» Problem: Could you return the whole listing exactly?

» Data for this exercise:
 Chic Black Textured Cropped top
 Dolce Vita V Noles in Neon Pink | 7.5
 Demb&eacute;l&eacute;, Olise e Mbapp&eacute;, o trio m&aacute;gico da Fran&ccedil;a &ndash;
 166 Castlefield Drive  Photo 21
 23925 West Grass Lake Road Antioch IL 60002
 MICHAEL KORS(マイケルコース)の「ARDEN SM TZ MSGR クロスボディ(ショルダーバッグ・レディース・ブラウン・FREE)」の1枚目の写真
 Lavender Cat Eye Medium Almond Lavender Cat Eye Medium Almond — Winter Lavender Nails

» Answer to this task:
 Chic Black Textured Cropped top
 Dolce Vita V Noles in Neon Pink | 7.5
 Demb&eacute;l&eacute;, Olise e Mbapp&eacute;, o trio m&aacute;gico da Fran&ccedil;a &ndash;
 166 Castlefield Drive  Photo 21
 23925 West Grass Lake Road Antioch IL 60002
 MICHAEL KORS(マイケルコース)の「ARDEN SM TZ MSGR クロスボディ(ショルダーバッグ・レディース・ブラウン・FREE)」の1枚目の写真
 Lavender Cat Eye Medium Almond Lavender Cat Eye Medium Almond — Winter Lavender Nails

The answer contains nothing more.